McCallum and Peel among international team given $2.1 million grant to study bat disease
More flying foxes are colonising urban areas, leading to a cascade of negative events, including poor health of bats, nuisance to human communities and Hendra virus spillover to horses.
An international team of researchers has been awarded a $2.1 million US National Science Foundation grant to study how humans are contributing to emerging infectious diseases passing from animals to people.
Their research focuses on Hendra virus and flying fox ecology in Australia as a model system for other bat-borne viruses in other parts of the world.
The NSF grant will allow the team, involving researchers from three continents, 10 academic institutions and a non-profit organisation, to study how environmental change is affecting human-wildlife interactions and the spread of diseases.
They aim to identify the underlying causes of flying fox urbanisation and commence a long-term habitat restoration project to reverse some of these trends.
The Griffith University team, led by Dr Alison Peel and involving Professor Hamish McCallum and PhD student Tamika Lunn, is leading the field components of the research.
“Changes in climate and deforestation of winter habitat of flying foxes, creates periodic food shortages for the bats. In search of more reliable food sources, they often end up roosting in towns and cities,” said Dr Peel, a veterinary disease ecologist.
“Many people think flying foxes are increasing in numbers, but they are not – it’s just that instead of being out in the bush, flying foxes are now living near our houses and feeding on trees in our gardens and weeds in urban and peri-urban land.”
Problems can arise if flying foxes roosting in urban areas feed on land that horses have access to as they may excrete Hendra virus in their urine.
Hendra virus can cause death in horses within days to weeks of initial contact, and bring about flu-like or neurological symptoms in humans that are often fatal. The Hendra virus vaccine for horses is highly effective, yet it’s not being widely used.
“No one wants their horse to die a painful and distressing death, but many horse owners don’t vaccinate as they are unaware of the risk that Hendra virus poses to their horses” said Peel.

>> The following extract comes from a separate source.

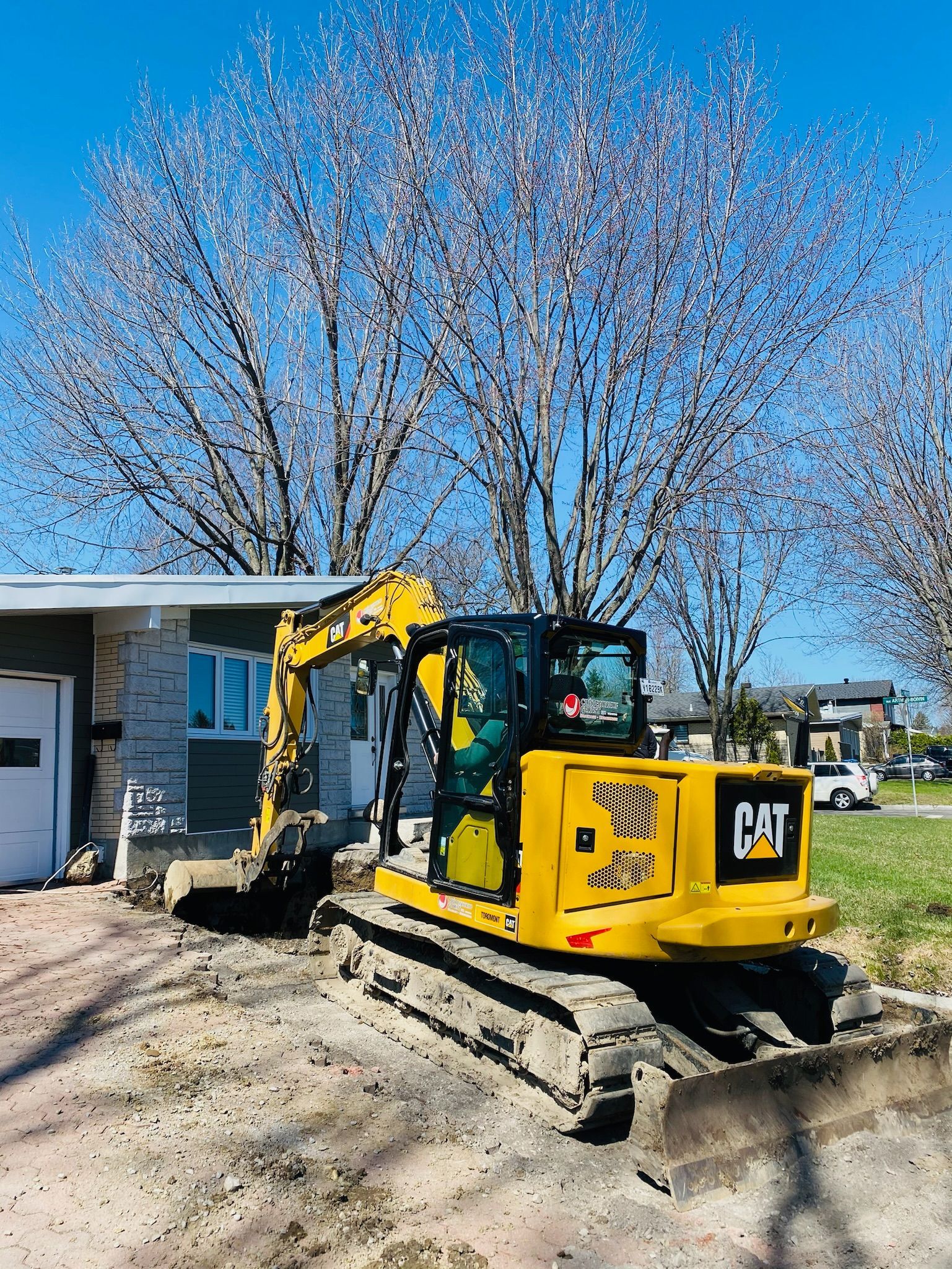 Une excavatrice jaune est garée devant une maison.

“Political and social scientists involved in the study will develop ways to improve communication of scientific information, such as information on vaccination, to people at risk of disease spillover.”
The team’s approach is to understand and address Hendra virus spillovers in Australia using a “one-health” philosophy.
“One-health looks at simultaneous winning situations.” said Raina Plowright, the principal investigator of the project, an Australian based at Montana State University in the USA.
“In this case, potential solutions benefit the health of the forests, the health of the bats, the health of livestock and the health of humans.
“This whole cascade of events could potentially be solved if we can restore their winter habitat and draw the bats out of the cities.”
University of New South Wales bat ecologist, Dr Peggy Eby says, “We know that rich pulses of eucalypt flowering attract urban bats out of cities into native forests, and we are working with stakeholders, private landowners and communities to embed restoration of critical winter flowering species into existing programs of habitat regeneration and restoration.”
This will have the added benefit of restoring a vital ecological function of the bats.
“Flying foxes spread pollen and seeds from native trees over much greater distances than birds and insects, connecting fragmented forest patches,” Dr Eby says.
“The animals that feed in urban areas aren’t performing this vital function and we need to try and reverse this.”
The research may also lead to larger, more comprehensive solutions applicable far beyond Australia’s eastern coast.
“We’re seeing the emergence of more and more infectious diseases from bats, such as SARS and Ebola, but they are emerging in countries in Africa and Asia where it is difficult to do detailed multidisciplinary studies” Plowright says.
“If we could identify the underlying environmental drivers, as we are trying to do for the flying foxes in Australia, we can potentially reverse and eventually prevent outbreaks by getting to the root cause of this public health problem.”